It looks like the community already has put some thought behind this, are there any existing RFC's that I should be aware of for similar things?

Like Jasper, I've also hit this problem, while working with the Vulkan GPU API.

I implement drop traits everywhere I can. But some things can only have one valid instance (for instance, the swapchain). Here, it is impossible to use drop traits, because you would need to create a new instance before the older one can be dropped.

The alternative, of course, is to wrap the swapchain in an Option, and then set it to None, forcing a drop. This feels feels too icky, because IMO it diverges from the semantic meaning of an Option, and because you have to unwrap it everywhere.

I just end up defining a destroy() function, and having to remember to manually call it. It would be useful to get a compiler error if I forget to destroy these resources.

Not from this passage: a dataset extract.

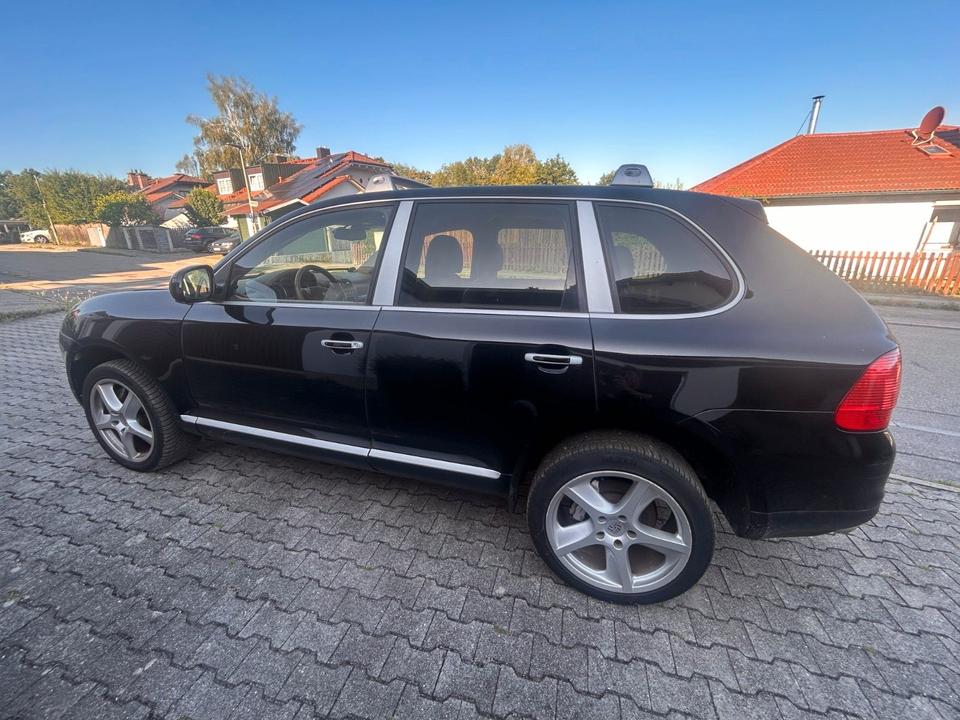 Porsche Cayenne, 2006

To that end, Jasper's proposal sounds interesting. I'm looking forward to seeing where it goes.

3 Likes

This is going to cause problems with error handling:

fn foo() -> Result<(), QuxError> {
    let bar = SomeExplicitDropType::new();
    bar.baz(qux()?);
    bar.explicit_drop();
    Ok(())
}

If qux() returns an error, bar will not be explicitly dropped - so the compiler will not allow it. Any usage of ? in the presence of ExplicitDrop types will fail to compile.

I think this is fine, (these are the exact cases we want to fail to compile). Rewritting these portions shouldn't be that much of a burden, esp if it's only a small portion of your codebase.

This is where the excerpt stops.